Surgen cuestiones que cobran su pequeña importancia, músicas de fondo que llegan a la parte amable los telediarios y da la impresión de que se quedan ahí, en la mera curiosidad. Estos días hemos andado a vueltas con la duración percibida de enero. Que si se hace largo, que si se calcula (¿de qué manera?) que psicológicamente lo acusamos como si fueran cuarenta y cinco días, con casi un 50% más de probabilidades para la decepción, el sobresalto, el cansancio o la rutina más atragantada. El pobre enero, por tener, tiene hasta el peor lunes del año.

Leo que el contraste entre el ambiente festivo de diciembre y la normalidad posterior es la causa de este ¿síndrome? ¿dolencia? ¿alteración? y a mí, que no soy nada navideña, me parece una pavada infantilizante. Pero fíjense que sigo trasteando y encuentro una información relacionada, el 75 por ciento de los y las jóvenes menores de 35 años confiesa que la cuesta de enero afecta a su salud mental, que han sufrido o sufren ansiedad por motivos económicos. Eso ya me cuadra más. Hablamos de dinero y de supervivencia, no de villancicos.

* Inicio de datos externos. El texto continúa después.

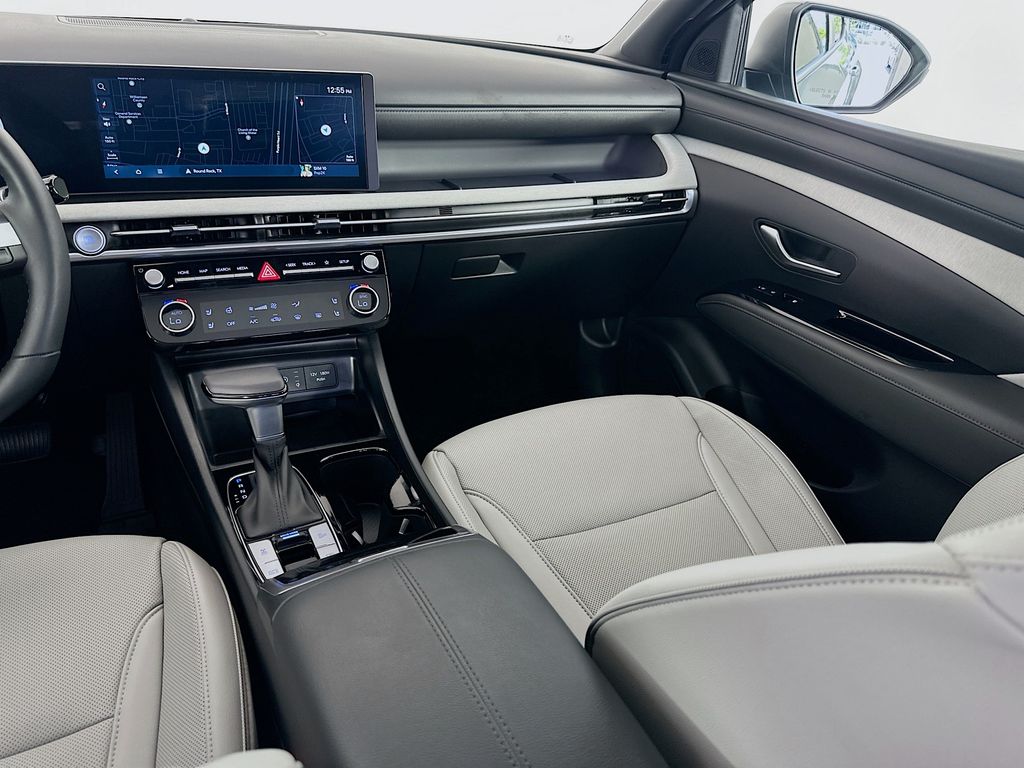 2025 Hyundai Santa Cruz Limited - Photo 24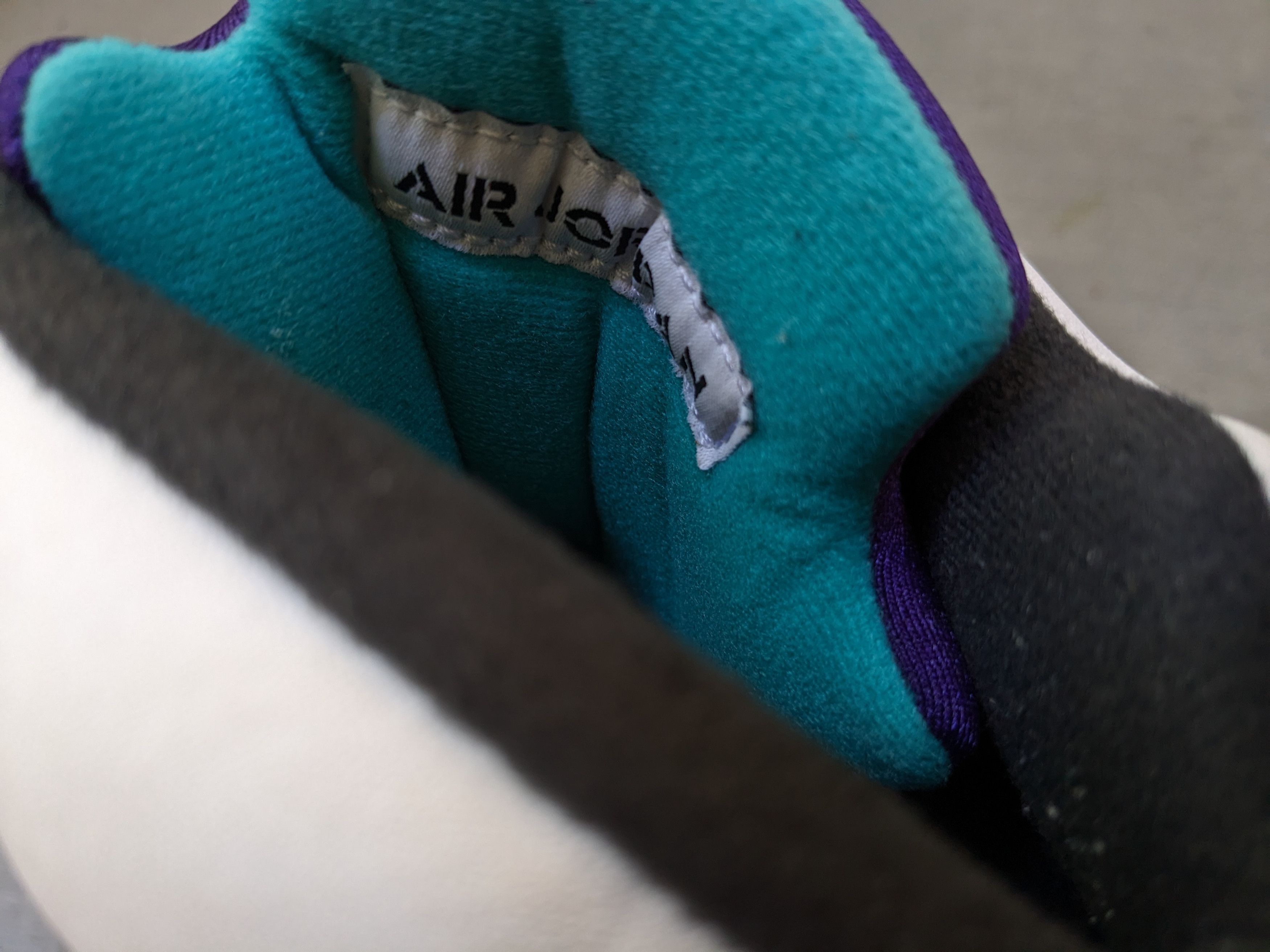 Jordan Brand Nike Air Jordan 5 Retro Grape 2013 White Purple 136027-108 Size US 9.5 / EU 42-43 - 4 Thumbnail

Añado que si tienen razones para sentirse así en enero nada hace pronosticar que no sentirán los mismo en febrero y que la juventud no es la única etapa vital afectada por este desasosiego.

Es curioso cómo tendemos a enmascarar las cuestiones relacionadas con la pasta. Construimos un imaginario con más de medio país añorando las luces de Vigo cuando en realidad lo que quiere es acabar un enero normal, de 31 días, con la luz y el gas pagados. Es como cuando vemos bares y restaurantes llenos y pensamos que al personal le va de lujo, que esto es un no parar, pero no vemos a quienes no van.